Problems in this projecting method are; (1) a charge build-up is more likely to occur in the surface of a sample due to an in-block irradiation of electron beam; and (2) an electron current obtained by this method is limited (up to about 1.6 μA), which prohibits any improvement in inspection rate.
Now, in order to dissolve the above mentioned problems of the conventional techniques, according to 1st aspect of the present invention, there is provided an inspection apparatus for inspecting an object to be inspected by irradiating either of a charged particles or an electromagnetic waves onto said object, said apparatus comprising:
a working chamber for inspecting said object, said chamber capable of being controlled to be vacuum atmosphere;
a beam generating means for generating either of said charged particles or said electromagnetic waves as a beam;
an electronic optical system for guiding and irradiating said beam onto said object to be inspected held in said working chamber, detecting a secondary charged particles emanated from said object to be inspected and introducing said secondary charged particles to an image processing system;
said image processing system for forming an image by said secondary charged particles;
an information processing system for displaying and/or storing the status information of said object to be inspected based on output from said image processing system; and
a stage unit for operatively holding said object to be inspected so as to be movable with respect to said beam.
According to 2nd aspect of the present invention, in the inspection apparatus of 1st aspect, the inspection apparatus further comprises a carrying mechanism for securely accommodating said object to be inspected and for transferring said object to or from said working chamber.
According to 3rd aspect of the present invention, in the inspection apparatus of 2nd aspect, said carrying mechanism comprises;
a mini-environment chamber for supplying a clean gas to said object to be inspected to prevent dust from contacting said object to be inspected;
at least two loading chambers disposed between said mini-environment chamber and said working chamber, and adapted to be independently controllable so as to be a vacuum atmosphere; and
a loader having a carrier unit capable of transferring said object to be inspected between said mini-environment chamber and said loading chambers, and another carrier unit capable of transferring said object to be inspected between said one loading chamber and said stage device;
wherein said working chamber and said loading chamber are supported through a vibration isolator.

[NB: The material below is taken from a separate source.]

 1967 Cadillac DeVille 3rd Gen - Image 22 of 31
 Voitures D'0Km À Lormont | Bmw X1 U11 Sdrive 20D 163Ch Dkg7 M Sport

According to 4th aspect of the present invention, in the inspection apparatus of 1st aspect, said inspection apparatus further comprising:
a precharge unit for irradiating a charged particle beam to said object to be inspected placed in said working chamber to reduce variations in charge on said object to be inspected; and
a potential applying mechanism for applying a potential to said object to be inspected.
According to 5th aspect of the present invention, in the inspection apparatus of 3rd aspect, said loader includes:
a first loading chamber and a second loading chamber capable of independently controlling an atmosphere therein;
a first carrier unit for carrying said object to be inspected between said first loading chamber and the outside of said first loading chamber; and
a second carrier unit disposed in said second loading chamber for carrying said object to be inspected between said first loading chamber and said stage device.

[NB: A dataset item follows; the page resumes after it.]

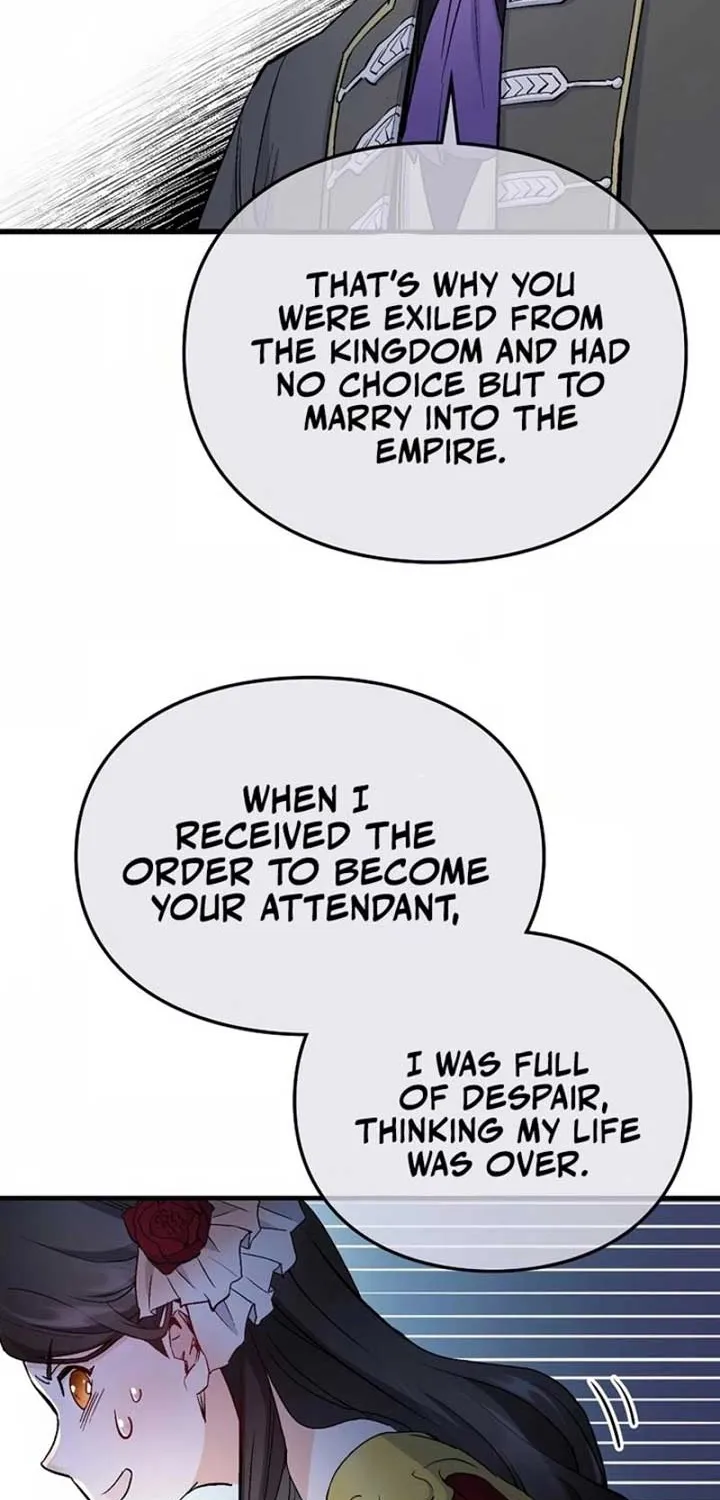Akujo Alicia no Kyuukoku Recipe Chapter 8 page 45 -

According to 6th aspect of the present invention, in the inspection apparatus of 1st, 2nd or 3rd aspect, the inspection apparatus further comprises:
an alignment controller for observing the surface of said object to be inspected for an alignment of said object to be inspected with respect to said electron-optical system to control the alignment; and
a laser interference range finder for detecting coordinates of said object to be inspected on said stage device, said coordinates of said object to be inspected being determined by said alignment controller using patterns formed on said object to be inspected.
According to 7th aspect of the present invention, in the inspection apparatus of 1st, 2nd or 3rd aspect, the alignment of said object to be inspected includes:
rough alignment performed within said mini-environment space; and
alignment in XY-directions and alignment in a rotating direction performed on said stage device.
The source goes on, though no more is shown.